The best-fit allocation strategy is more CPU intensive than the typical first-fit because it looks for the smallest region of free space able to fulfill an allocation rather than picking the next avaliable one. The CPU time is fairly excessive and is known to harm IOPS, but it exists to minimize use of gang blocks as a metaslab becomes excessively full. Gaining a bandwidth improvement from LBA weighting at the expense of an earlier switch to the best-fit allocation behavior on the weighted metaslabs is reasonable on rotational disks. However, it makes no sense on files, where the underlying filesystem is free to place things however way it sees fit, and on SSDs, where there is no bandwidth difference based on LBA.

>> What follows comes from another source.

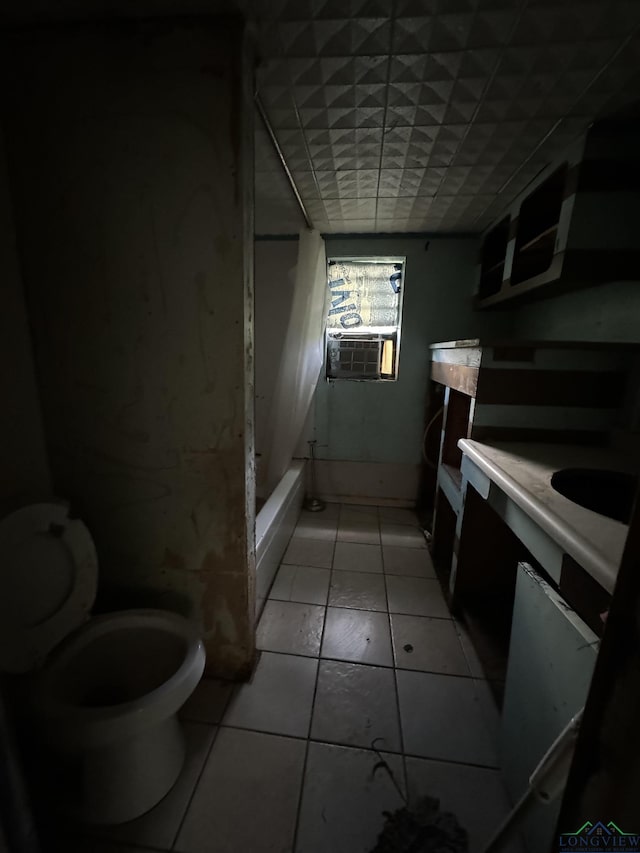 bathroom with tile patterned flooring, vanity, cooling unit, and toilet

With this change, we will more evenly fill metaslabs on pools whose vdevs consist of only files and SSDs, which will minimize the metaslabs that enter the best fit allocation strategy when a pool is mostly full, but still below 96% full. This is particularly important on SSDs, where drops in IOPS are more pronounced.

illumos not yet
FreeBSD not yet
ZFS on Linux Aug 2015
OpenZFS on OS X Sep 2015

Sequential scrub and resilvers

Improves performance by splitting scrubs and resilvers into a metadata scanning phase and an IO issuing phase. The metadata scan reads through the structure of the pool and gathers an in-memory queue of I/Os, sorted by size and offset on disk. The issuing phase will then issue the scrub I/Os as sequentially as possible, greatly improving performance.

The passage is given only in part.